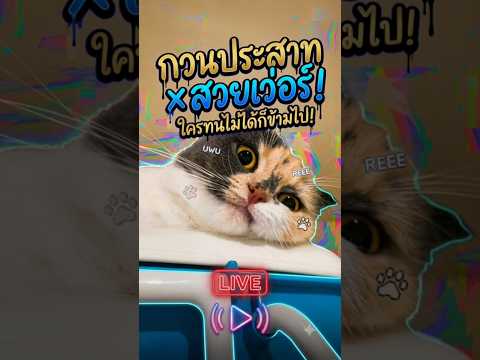 funny cat videos #shorts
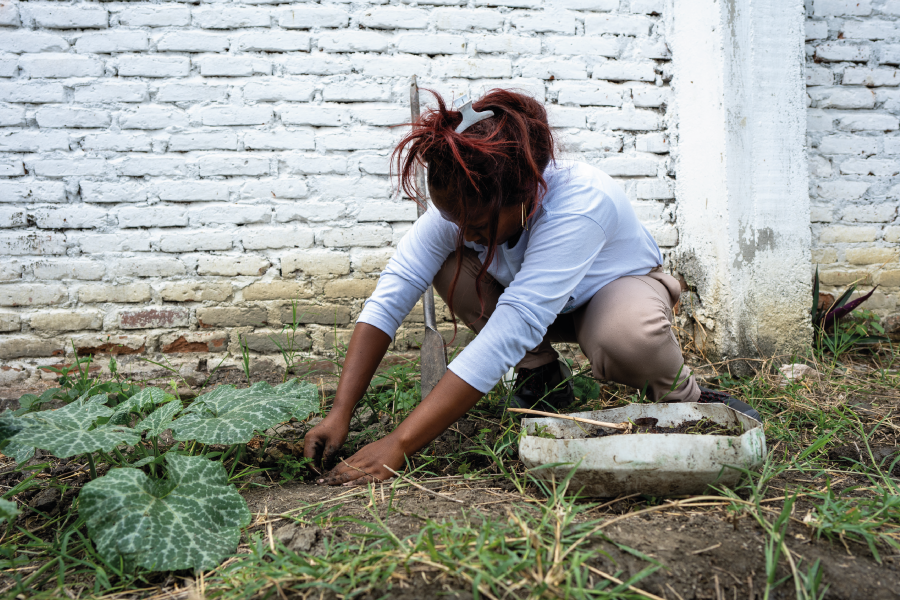 Vigías del Patrimonio Cultural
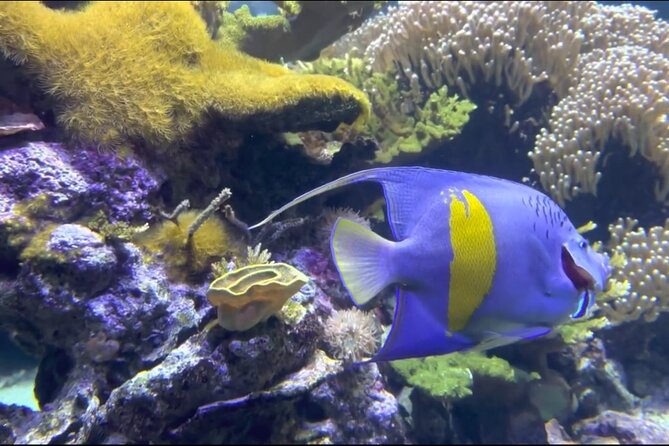 Aquarium of Genoa Reserved Entrance - Ticket Acquisition Process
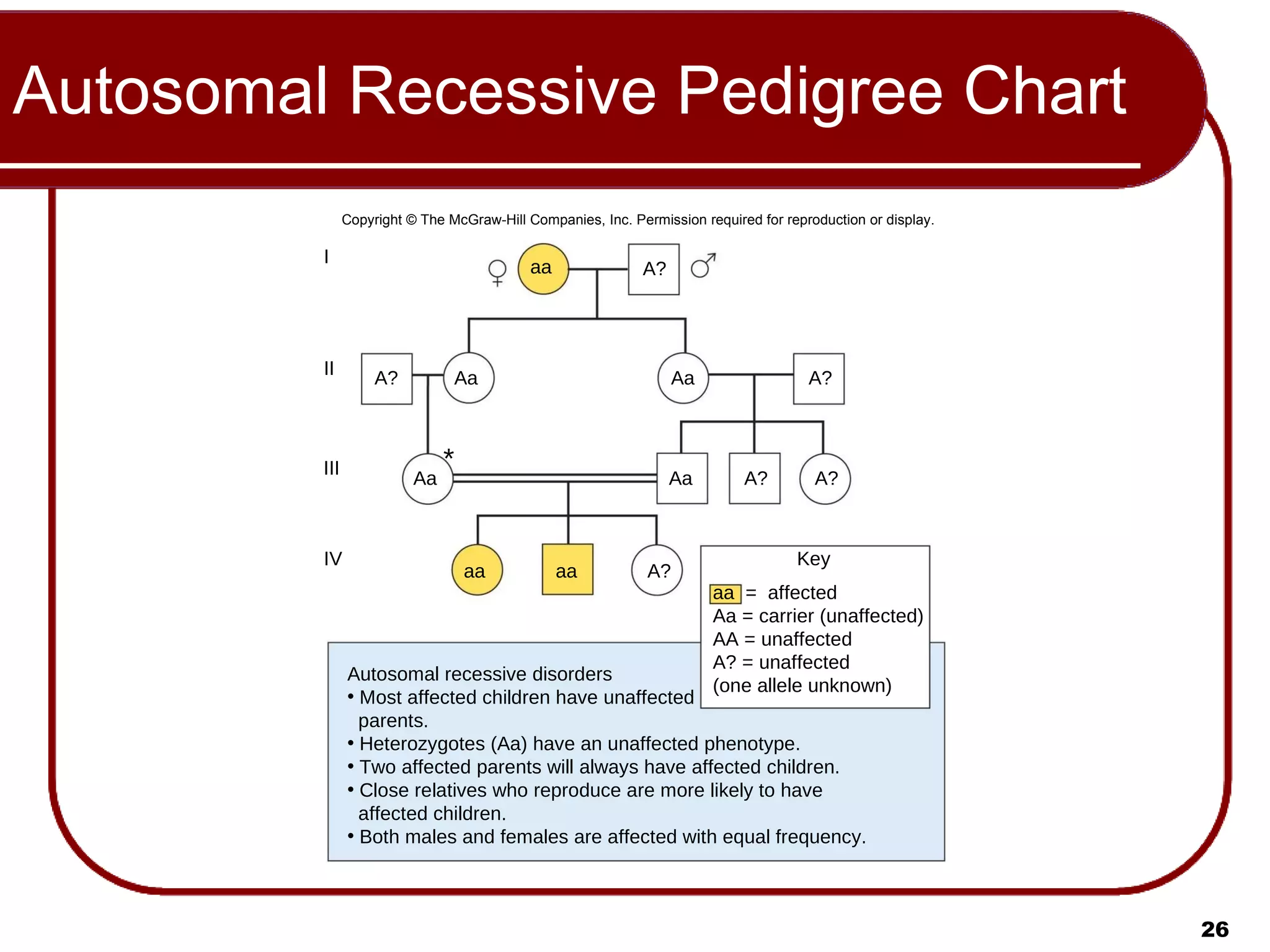 Autosomal Recessive Pedigree Chart Copyright © The McGraw-Hill Companies, Inc. Permission required for reproduction or display. Autosomal recessive disorders Most affected children have unaffected parents. Heterozygotes (Aa) have an unaffected phenotype. Two affected parents will always have affected children. Close relatives who reproduce are more likely to have affected children. Both males and females are affected with equal frequency. aa aa Aa Aa Aa A? A? A? Aa * aa A? A? A? Key aa  =  affected Aa = carrier (unaffected) AA = unaffected A? = unaffected (one allele unknown) I II III IV 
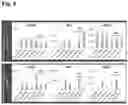 Fig. 10 - METHODS OF GENERATING AND ISOLATING MIDBRAIN DOPAMINE NEURONS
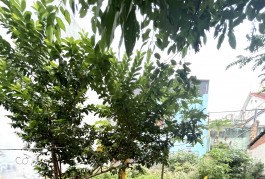 Bán Đất Thổ Cư Đẹp Hẻm Xe Hơi 195m2_8*21 chỉ 7.1 tỷ ~30tr.m2 QL1K Linh Xuân Thủ Đức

__PROBLEM__. When you reach the line that has "Vigías del Patrimonio Cultural" in the data above, start repeating lines exactly, and stop after the line that has "Aquarium of Genoa"; pictures stay out.

__OUTPUT BELOW__.
 Vigías del Patrimonio Cultural
 Aquarium of Genoa Reserved Entrance - Ticket Acquisition Process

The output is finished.